SOURCE DATA:
● ● ● ● ● ● ●
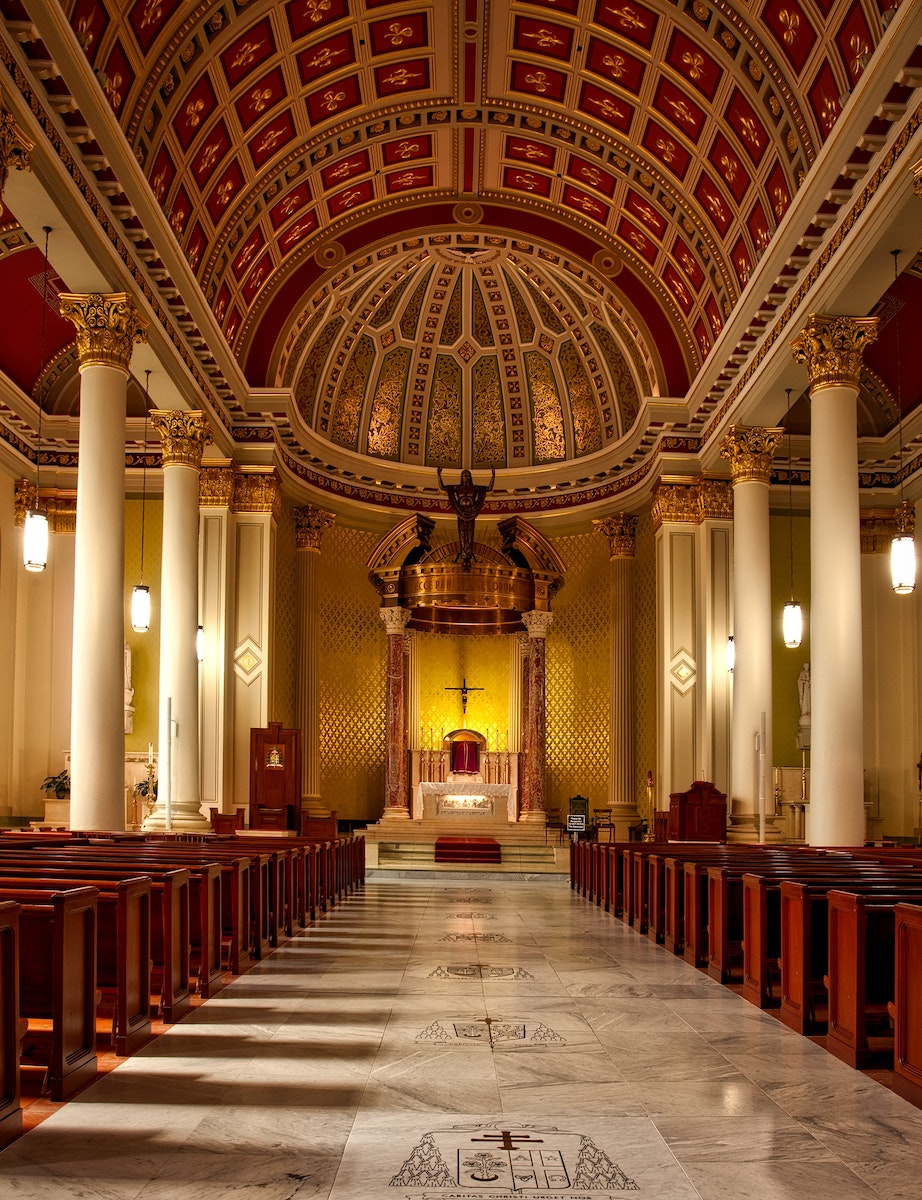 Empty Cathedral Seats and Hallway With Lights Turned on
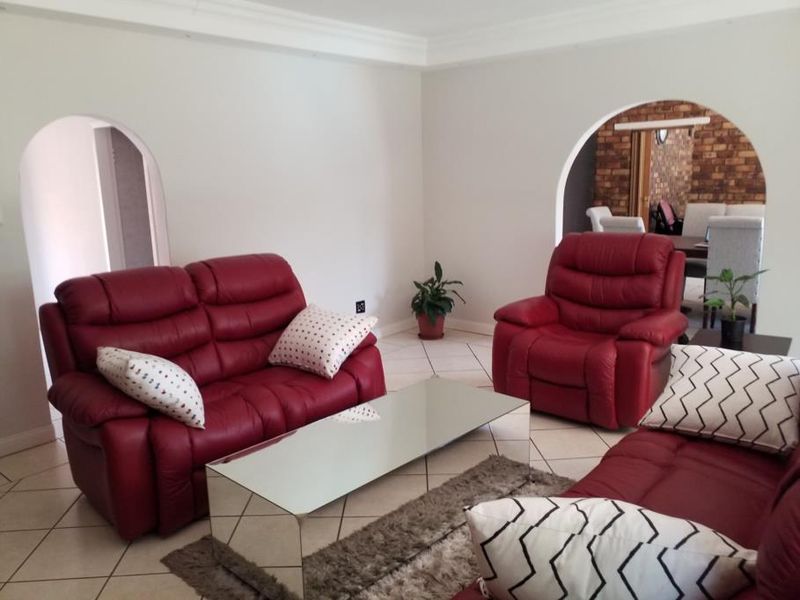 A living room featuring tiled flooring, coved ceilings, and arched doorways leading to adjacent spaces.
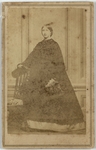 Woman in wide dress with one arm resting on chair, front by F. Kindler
● ● ● ● ● ● ●
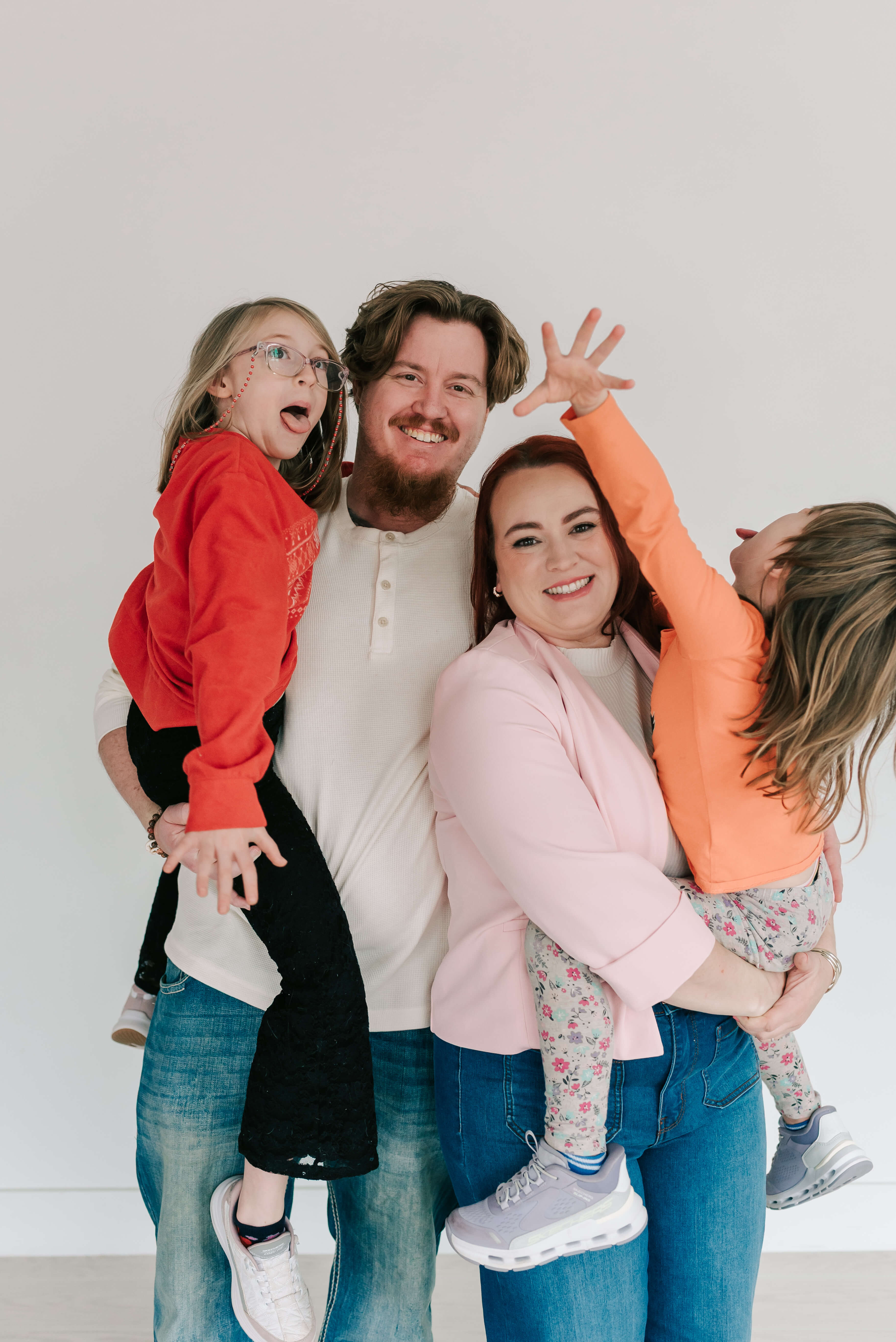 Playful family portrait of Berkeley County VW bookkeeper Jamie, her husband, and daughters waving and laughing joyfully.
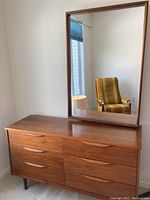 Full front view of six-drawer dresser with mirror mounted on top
● ● ● ● ● ● ●
WHAT TO PRODUCE:
Above are the records; please give again, exactly and in full, only the lines that run from the line with "A living room" through the line with "Woman in wide", with no pictures.

REPLY:
 A living room featuring tiled flooring, coved ceilings, and arched doorways leading to adjacent spaces.
 Woman in wide dress with one arm resting on chair, front by F. Kindler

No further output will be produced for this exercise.